Repeat exactly the lines of the entries below from the one with "Prikolice za silažu Claas Cargos 9500" through the one with "企业年金基金投资运营环节", both ends included, and nothing else.

## [Data extract]
:::
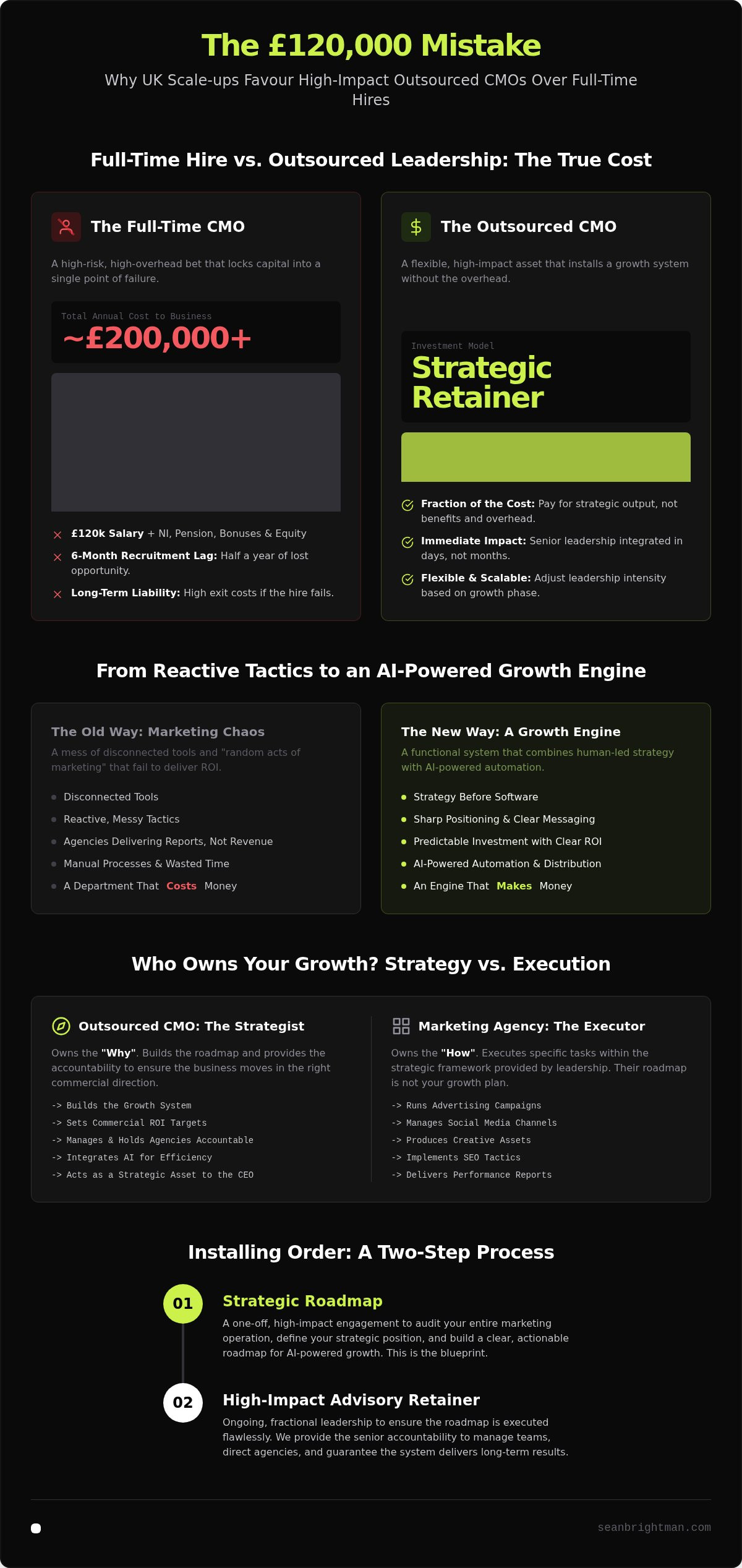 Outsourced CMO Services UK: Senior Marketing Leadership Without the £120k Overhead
:::
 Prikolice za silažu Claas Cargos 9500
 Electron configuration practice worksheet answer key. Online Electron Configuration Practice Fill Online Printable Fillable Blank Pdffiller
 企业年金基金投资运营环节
:::
## [Finished task]
 Prikolice za silažu Claas Cargos 9500
 Electron configuration practice worksheet answer key. Online Electron Configuration Practice Fill Online Printable Fillable Blank Pdffiller
 企业年金基金投资运营环节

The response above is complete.